Data excerpts
---+---
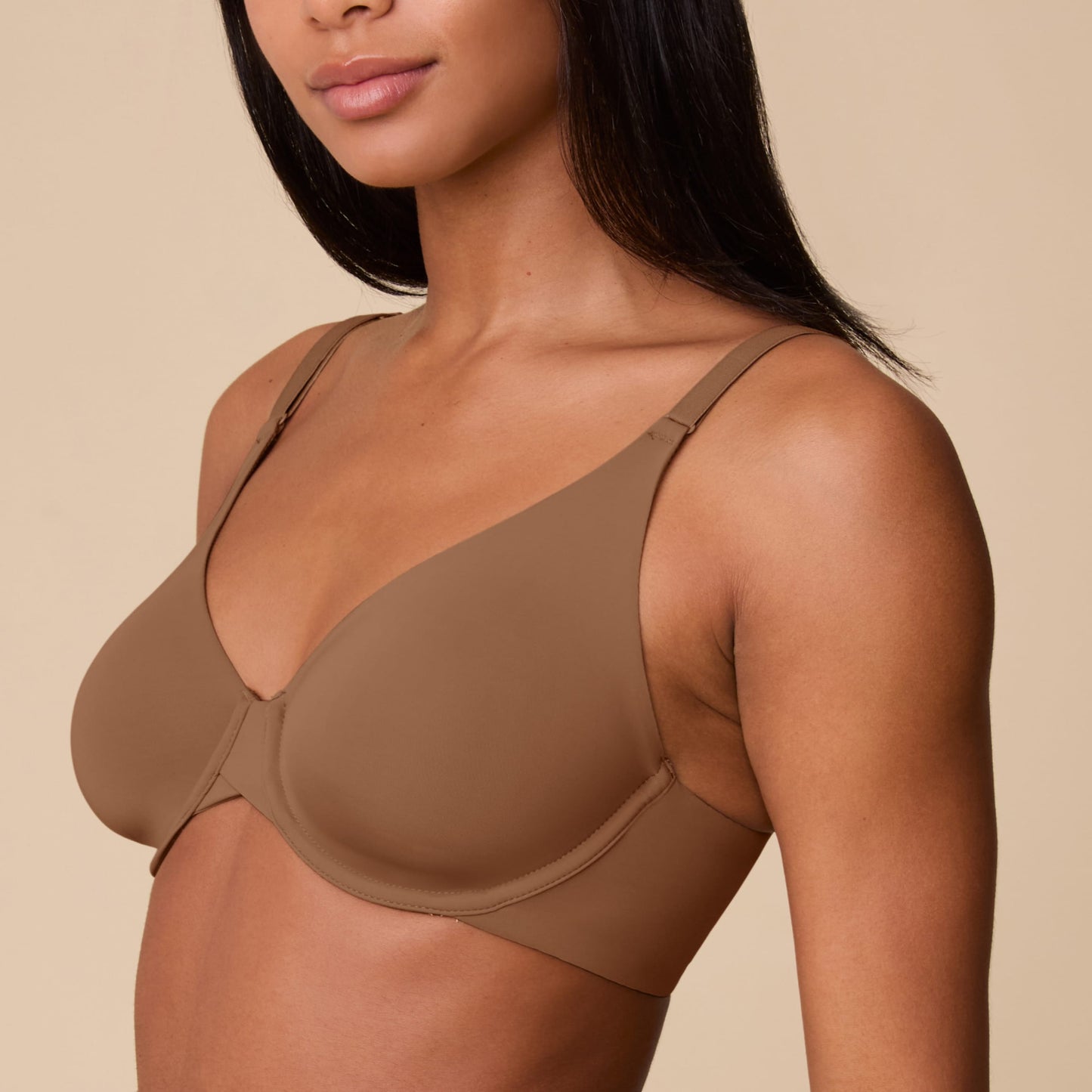 On a neutral beige backdrop, Ally wears the Base Unlined Bra in Brown, showing the unlined cups, underwire support, smooth microfiber fabric, and signature X-bridge at the center front.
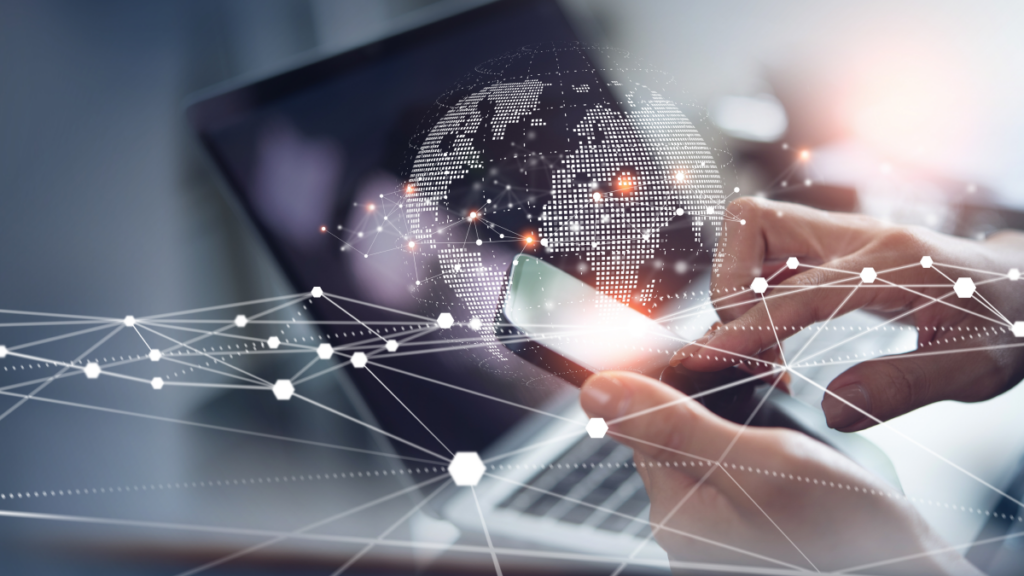 worker's hands working on mobile phone with laptop in background, icons overlay image indicating connectivity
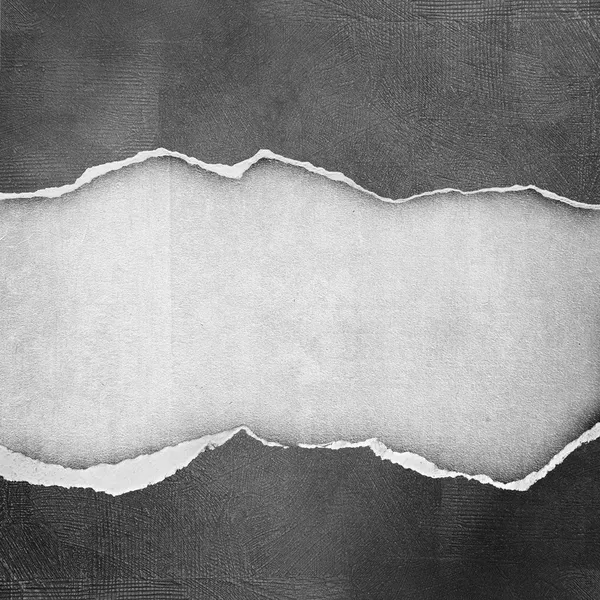 Рваная винтажная бумага на фоне гранжа — стоковое фото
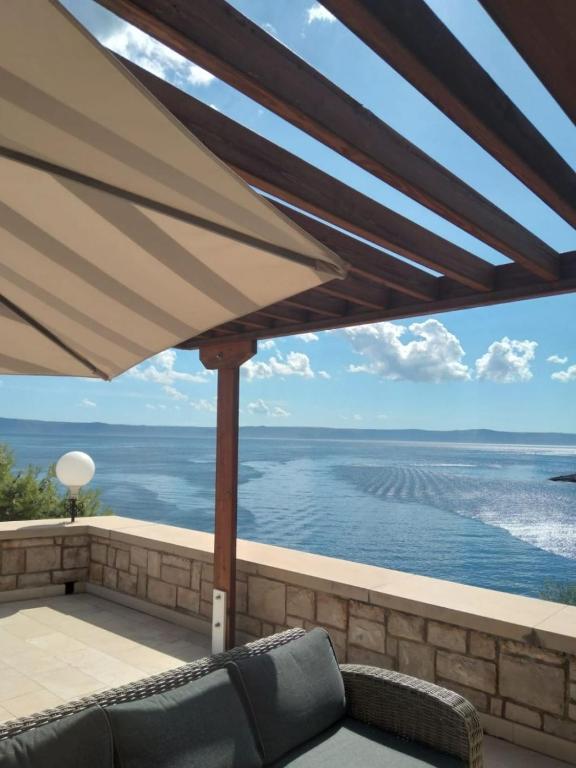a view of the ocean from a patio with an umbrella at Apartments and Rooms Ref in Sumartin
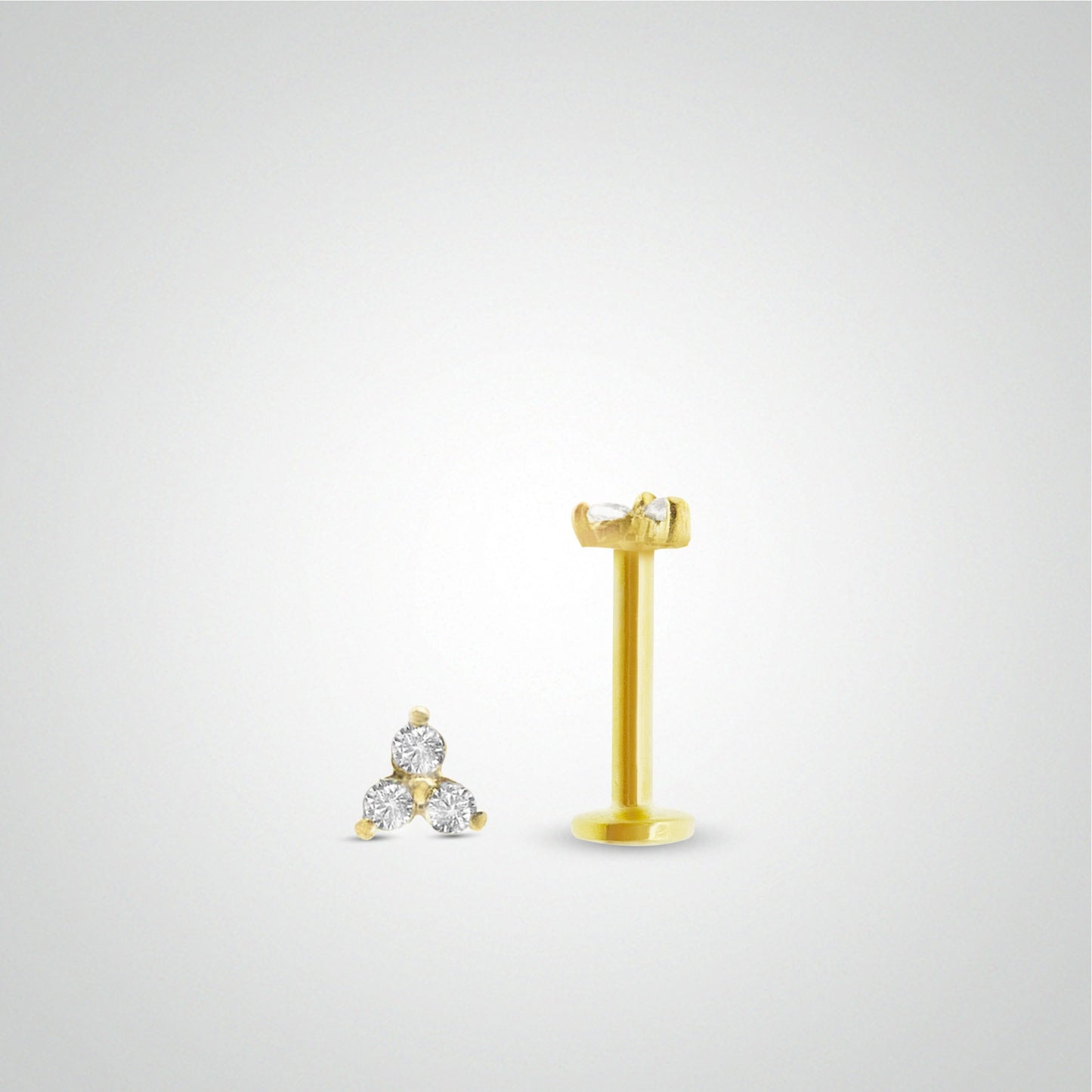 Boucle d'oreille or jaune avec trois zircons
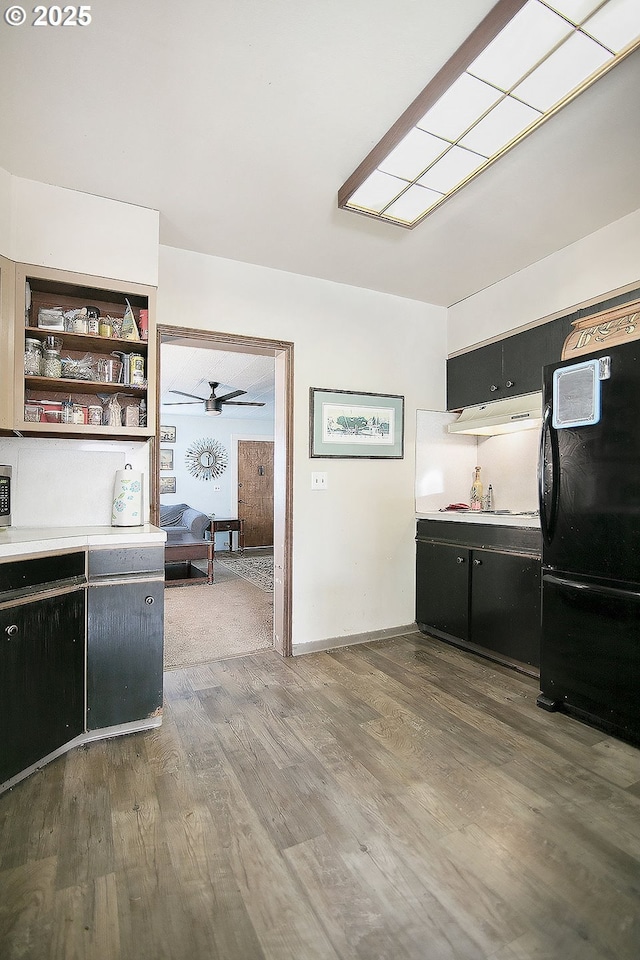 kitchen featuring light countertops, freestanding refrigerator, open shelves, dark cabinetry, and wood finished floors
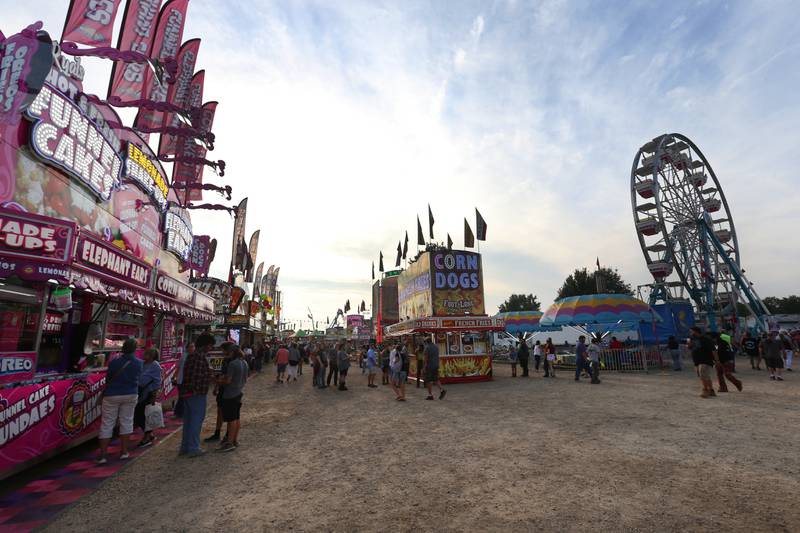 A large carnival midway welcomes visitors to the 169th Bureau County Fair on Thursday, Aug. 22, 2024 in Princeton.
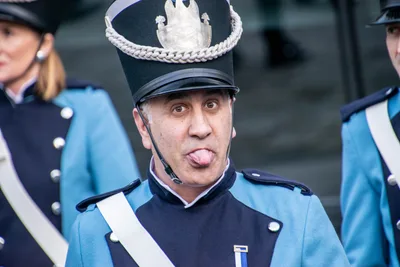 Un soldado con chacó negro y galón plateado saca la lengua a la cámara.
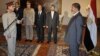Egyptian President Mohammed Morsi swears in newly-appointed Minister of Defense, Lt. Gen. Abdel-Fattah el-Sissi, in Cairo, Egypt, Sunday, Aug. 12, 2012.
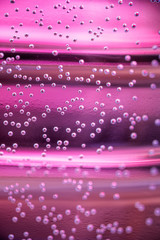 Macro shot of backlit water and air bubbles over colored background. Tiny air bubbles inside water base.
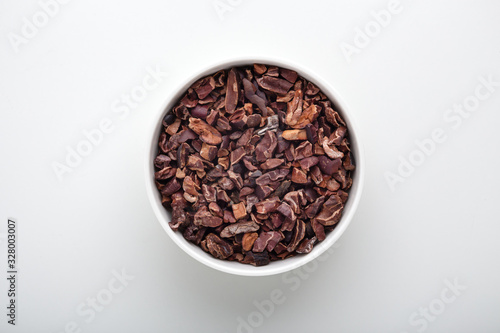 Cacao nibs in white bowl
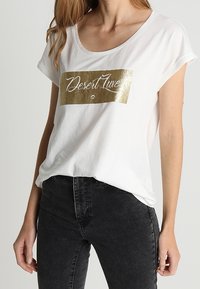 Cream T-shirt con stampa - off-white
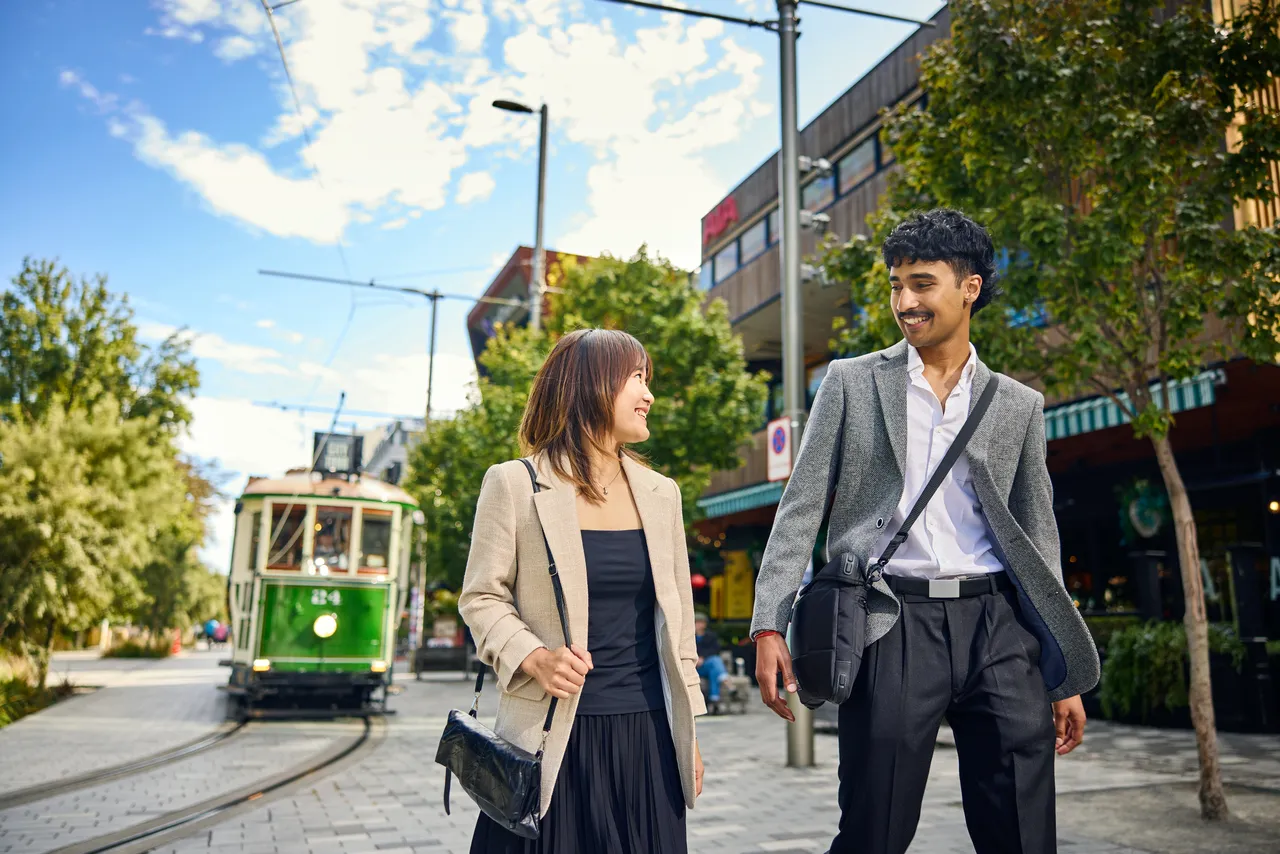 Colleagues strolling along Oxford Terrace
---+---
### PROBLEM DETAILS
Retype only the lines from the line with "Un soldado con" through the last line of the data. Keep both ends and skip the pictures.

### REPLY TO THE EXERCISE
 Un soldado con chacó negro y galón plateado saca la lengua a la cámara.
Egyptian President Mohammed Morsi swears in newly-appointed Minister of Defense, Lt. Gen. Abdel-Fattah el-Sissi, in Cairo, Egypt, Sunday, Aug. 12, 2012.
 Macro shot of backlit water and air bubbles over colored background. Tiny air bubbles inside water base.
 Cacao nibs in white bowl
 Cream T-shirt con stampa - off-white
 Colleagues strolling along Oxford Terrace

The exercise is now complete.